I recently came across a situation where it was taking too long to process multi-threaded I/O requests in a driver. While investigating this issue it became apparent that all but one of the pending requests was actually hitting the driver dispatch. All the other threads ended up blocking in nt!IopAcquireFileObjectLock (via a call to KeWaitForSingleObject).
My first suspicion was to check if the the device was configured to be an exclusive1 device. The exclusive bit (DO_EXCLUSIVE) gets set in the Flags member of DEVICE_OBJECT and can be checked by using windbg command !devobj on the device object. The device turned out to be an exclusive device. However turning off the exclusive bit made no difference to the situation. Massive number of threads wanting the driver to process something, were still getting blocked in IopAcquireFileObjectLock.

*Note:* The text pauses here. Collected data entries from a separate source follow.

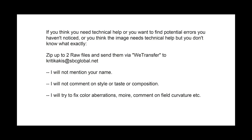If you think you need technical help, or you suspect that your image may have problems that you haven't noticed, or your image is boring and how you make it a better one, zip up two raw files, send them with a WeTransfer to this address. I will not mention your name unless you want to. I will not comment on style, taste, composition. I will not comment on whether it's in or out of focus. You already know that. And I will try to fix color aberrations. I will comment on field curvature, color balance, light balance, things like that. Thanks a lot. Bye.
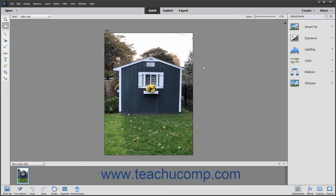Adobe Photoshop Elements is one of the most popular image creation and editing software applications available today. Photoshop Elements derives its name from the fact that it contains many of the essential elements of the full Adobe Photoshop application. While it is true that Photoshop contains many additional features, Photoshop Elements has grown into a robust editing program in its own right.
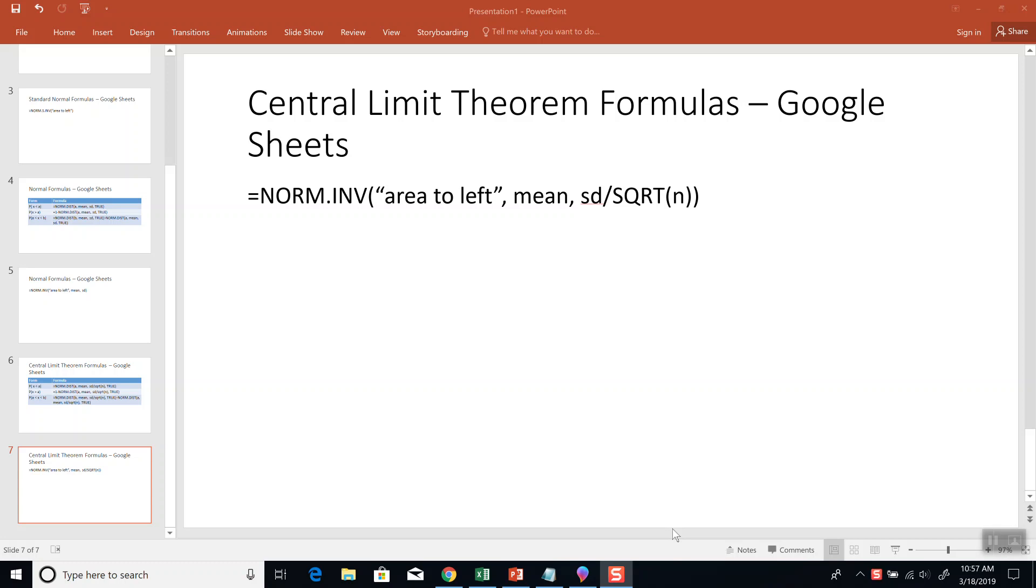Okay, let's take a look at finding the value using the central limit theorem formulas for Google Sheets. It's NORM.INV, area to the left, our mean, and then our standard deviation divided by square root of n. So you're given mean, you're given standard deviation, you're given n in these problems.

It was time to check the documentation of the exclusive bit and I quickly realized that my initial suspicion was baseless since DO_EXCLUSIVE will not stop multiple requests from being blocked, but will block second handle being opened. All these requests were going through the same handle (since the device was exclusive), it was time to turn to bits on the handle that might lead to I/O Manager serializing requests to device2.
The first parameter to IopAcquireFileObjectLock turned out to be coming from the FILE_OBJECT corresponding to the device handle and doing a !fileobj on that file object revealed that FO_SYNCHRONOUS_IO bit was set. This bit is set when handle is opened for synchronous I/O (which is default in win32) ie. a read/write/ioctl will return when I/O is actually complete. Asynchronous or overlapped I/O on the other hand returns immediately and there are win32 APIs to check for I/O completion status at a later point of time.

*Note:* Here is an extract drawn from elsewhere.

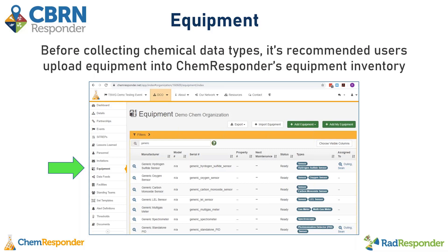This is a snapshot from the equipment inventory in ChemResponder. We're in the organization space on the equipment page. The equipment inventory capability is something we've heard a lot of feedback about — fire departments and first responders really find it useful. Otherwise they might be managing an equipment list on an Excel sheet getting passed around on desktops. This is a cloud-hosted capability where they can manage all kinds of information about each instrument and share it with partners.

Could it be that this bit is forcing serialization of all I/O ? There was one way to find out - specify FILE_FLAG_OVERLAPPED when opening the device via CreateFile and rerun the tests. And voila, the driver was indeed starting to process multiple requests concurrently instead of one request at a time.
It did not take long to find some direct confirmation of this in documentation. Here is a direct quote from Getting your driver to handle more than one I/O request at a time
You might think that your driver is blocking in some obscure way or that you need more threads in your application, but the solution is often much simpler: Make sure your application has opened the device for overlapped I/O. Otherwise, the I/O Manager serializes I/O requests by synchronizing through a lock in the file object before dispatching the IRP. Even if your application uses multiple threads, only one request at a time (per file handle) will get through.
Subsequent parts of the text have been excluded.